I would say my favorite three actors of all-time are Sir Michael Caine, Mr. Bruce Willis, and Archibald Leach….better known as Cary Grant (1904-1986). I discovered Cary Grant when I was in high school. During a sick day, I was stuck at home and bored out of my mind while watching television. As I flipped through the channels I came across a black and white movie. Back then I extremely disliked black and white movies. But I started to watch the movie that was on television. It took about 5 minutes before I realized I was enjoying the movie and another 45 minutes to realize I needed to see the beginning of the movie. That movie was called Bringing Up Baby and it opened the wonderful doors of Cary Grant movies.

Cary Grant made 73 full length movies from 1932-1966. When I wrote the page the first time I was able to find all the required information on 50 of the movies. Since then I have found box office information on the rest of the 23 movies.   In the table below Ultimate Movie Rankings ranks 73 of his movies in 5 different sortable columns.  Television roles, shorts and straight to DVD movies were not included in the rankings.

I have seen 51 of the 73 movies listed in the following tables. So I figure I would add my personal Top Ten Cary Grant movies…..located at the bottom of the page

Cary Grant Movies Ranked In Chronological Order With Ultimate Movie Rankings Score (1 to 5 UMR Tickets) *Best combo of box office, reviews and awards.

Cary Grant Movies Can Be Ranked 6 Ways In This Table

The really cool thing about this table is that it is “user-sortable”. Rank the movies anyway you want.
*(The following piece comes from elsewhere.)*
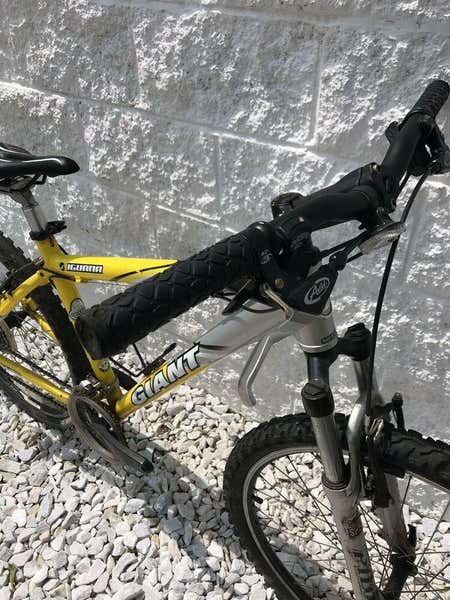 Giant Iguana ~ 17" ~ 27-Speed Mountain Bike w/ Deore and RockShox | SidelineSwap | Buy and Sell on SidelineSwap Giant Iguana ~ 17" ~ 27-Speed Mountain Bike w/ Deore and RockShox | SidelineSwap | Buy and Sell on SidelineSwap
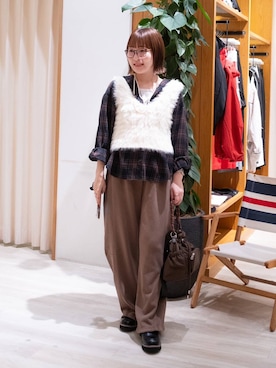 「アイテム（スウェットパンツ、ブラウン系）」を使った、momokaさん（レディース・159cm）の秋コーディネート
  • Sort Cary Grant movies by co-stars of his movies.
  • Sort Cary Grant movies by adjusted domestic box office grosses using current movie ticket cost
  • Sort Cary Grant movies by domestic yearly box office rank or trivia
  • Sort Cary Grant movies how they were received by critics and audiences.  60% rating or higher should indicate a good movie.
  • Sort by how many Oscar® nominations and how many Oscar® wins each Cary Grant movie received.
  • Sort Cary Grant movies by Ultimate Movie Rankings (UMR) Score.  UMR Score puts box office, reviews and awards into a mathematical equation and gives each movie a score.
  • Use the sort and search buttons to make this a very interactive table.
Cary Grant and Grace Kelly in 1955's To Catch A Thief
Cary Grant and Grace Kelly in 1955’s To Catch A Thief

Stats and Possibly Interesting Things From The Above Cary Grant Table

1.  41 of Cary Grant’s movies crossed the magical $100 million mark.  That is a percentage of 64.06% of his movies listed.  His top box office hit was Operation Petticoat (1959).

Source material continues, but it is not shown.